Sensasi Menembus Hujan, Menerjang Jeram, di Atas Ketinting...

Kompas.com - 11/12/2014, 05:51 WIB
Fabian Januarius Kuwado

Penulis

MALINAU, KOMPAS.com - Jalan dua pekan, rombongan safari Natal 2014 Bupati Malinau Yansen Tipa Padan di Pedalaman Malinau, Kalimantan Utara, sudah menapaki jalanan berlumpur di tepi jurang, menembus awan di udara, hingga melawan arus sungai di atas ketinting.

Kompas.com--reporter Fabian Januarius Kuwado beserta fotografer Fikria Hidayat dan Kristianto Purnomo--mengikuti safari ini sejak 1 Desember 2014. Pada 8 dan 9 Desember 2014, kami dan rombongan bupati menyambangi Desa Pujungan, Kecamatan Pujungan, selepas bermalam di Desa Apau Ping, Kecamatan Bahau Hulu.

Pukul 13.00 Wita, rombongan bersiap di tepi Sungai Bahau, Desa Long Alango, desa transit dari Desa Apau Ping. Menuju Pujungan, kami akan menumpang ketinting, sampan kayu kecil. Rombongan ini terdiri dari 28 orang, sementara satu ketinting berisi dua hingga tiga penumpang bersama seorang juru mudi.

Saya berada di satu ketinting bersama Brigadir Muda Dimas, ajudan Kapolres Malinau; dan Jasmin, kontributor Beritasatu untuk Kalimantan Utara.

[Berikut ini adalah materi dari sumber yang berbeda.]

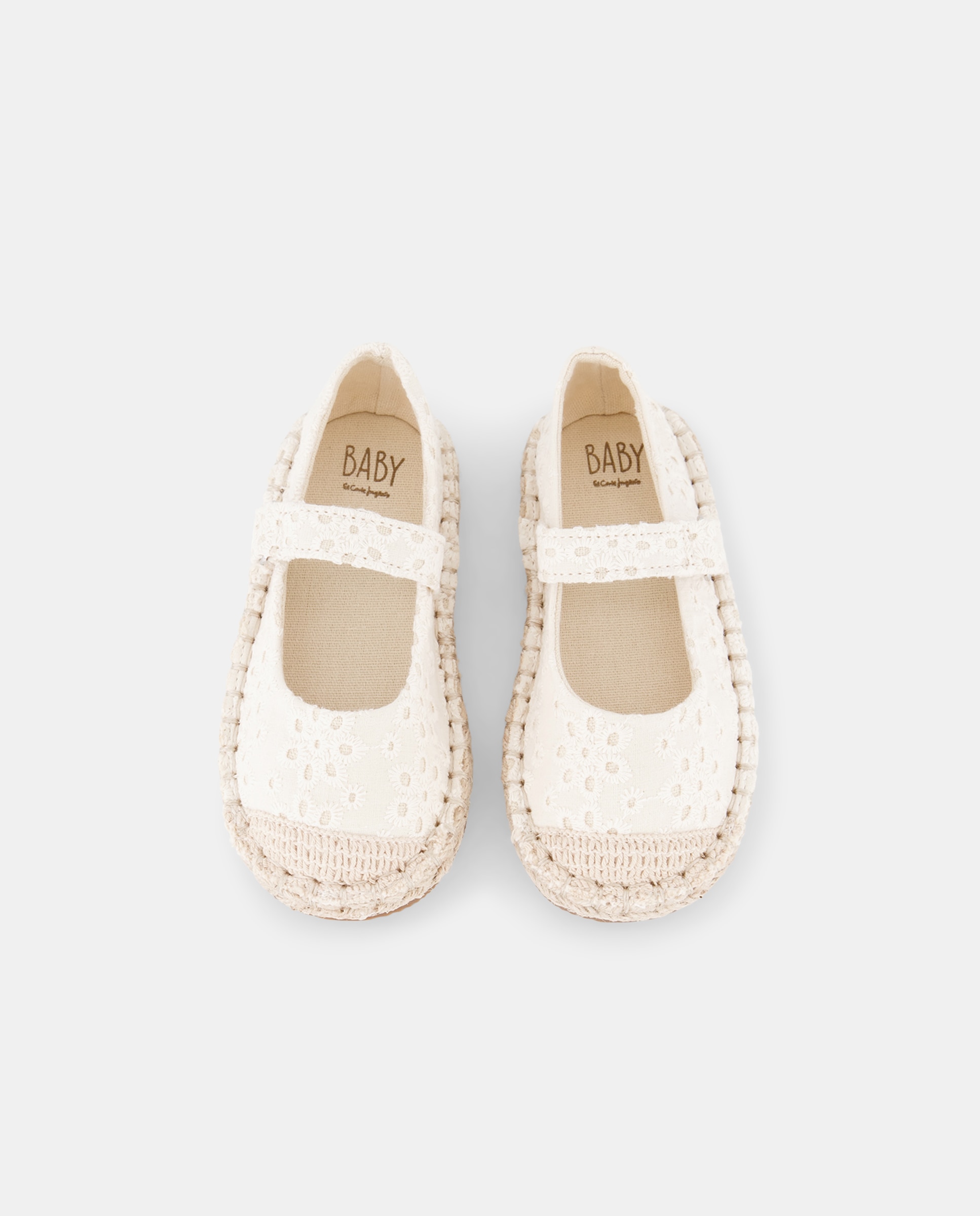Sapatos de Presilha de Bebé com Biqueira Bordada 120 Cru-4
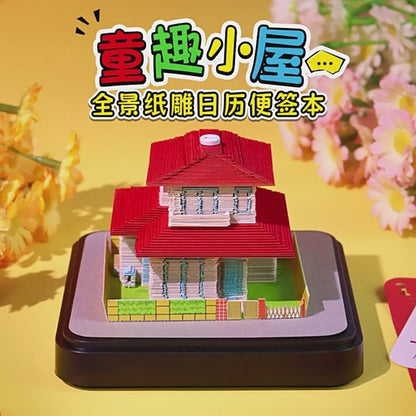 Whimsical Cottage 3d Memo Pad - Daily Calendar 2026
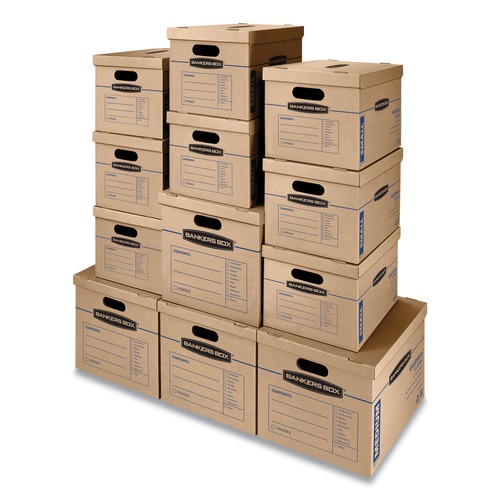 Office Jansan | Bankers Box 7716401 SmoothMove Classic Moving/Storage Boxes - Small/Medium, Brown/Blue (12/Carton) image number 0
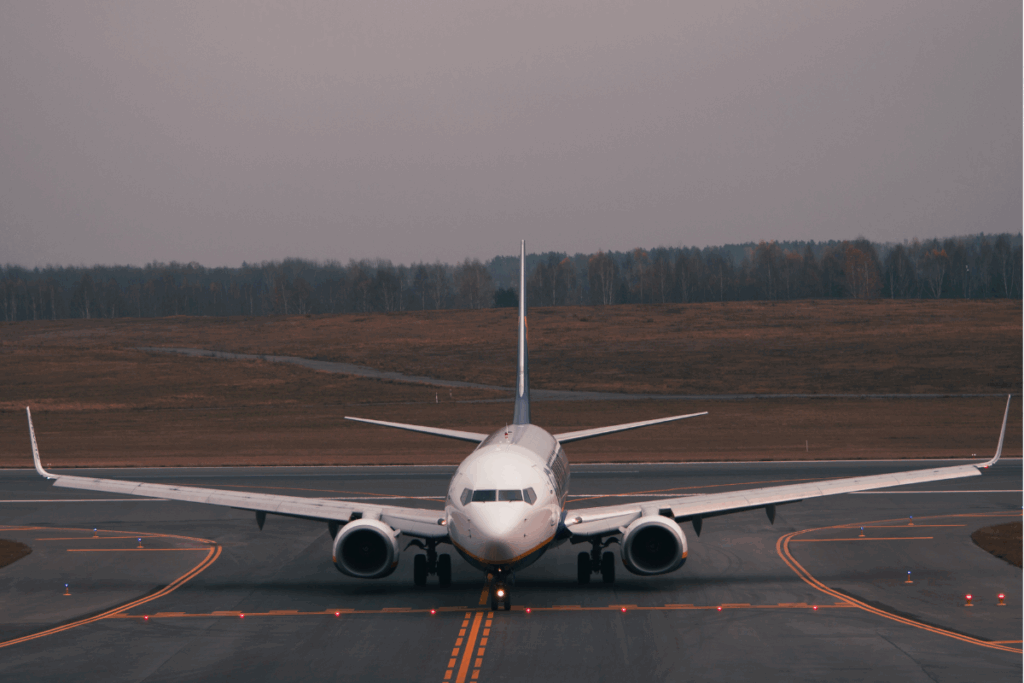 A large jetliner sitting on top of an airport runway with trees in the background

Luther adalah juru mudi ketinting kami. "Sini, barang-barangnya dimasukan ke dalam terpal dulu," ujar Luther begitu kami mendekati perahunya.

Kami menyerahkan satu per satu tas, yang lalu diletakkan Luther di bagian tengah ketinting dan kemudian dibungkus memakai terpal biru. "Handphone atau kamera kalau mau sekalian dimasukan ke dalam. Kayaknya di hilir hujan ini," kata Luther usai meletakkan tas terakhir.

Hanya Jasmin yang menyerahkan kamera DSLR sebagai sahutan atas tawaran Luther itu. Telepon genggam dan kamera saya sudah berada di kantong khusus tahan air. Aman.

"Teketek... Teketek... Teketek...Teketek," bunyi statis mesin ketinting seiring perahu yang mulai melaju satu per satu. Yansen ada di ketinting terdepan bersama Komandan Distrik Militer Malinau.

Di belakang mereka adalah ketinting yang ditumpangi Kapolres Malinau dan camat setempat. Menyusul berderet sesudahnya, ketinting yang mengangkut anggota rombongan selebihnya.

Kuyup

Saat berangkat, langit di atas kami cukup cerah. Namun, di kejauhan menuju hilir, arah yang kami tuju, langit terlihat gelap oleh gelayutan awan. Seisi ketinting yang tak membekali diri dengan peralatan untuk berhujan-hujan, hanya bisa pasrah.

Benar saja, baru sekitar 20 menit mengarungi Sungai Bahau, langit menumpahkan butiran hujan. Deras. Seluruh rombongan ketinting, termasuk Bupati, Dandim, dan Kapolres, kehujanan. Namun, ketinting terus melaju.

Di ketinting kami, situasi tak berbeda. Kami yang menunduk menghindari terpaan hujan di wajah, hanya saling lirik lewat celah ketiak masing-masing untuk melihat kondisi teman seperjalanan. "Amankah?" tanya Jasmin. "Aman," jawab saya.

Baru juga suara saya hilang, terasa laju ketinting merapat. "Ada apa ini?" pikir saya sembari menoleh ke arah Luther. "Kuras air dulu," ujar Luther sembari tersenyum, seolah bisa membaca isi pikiran saya.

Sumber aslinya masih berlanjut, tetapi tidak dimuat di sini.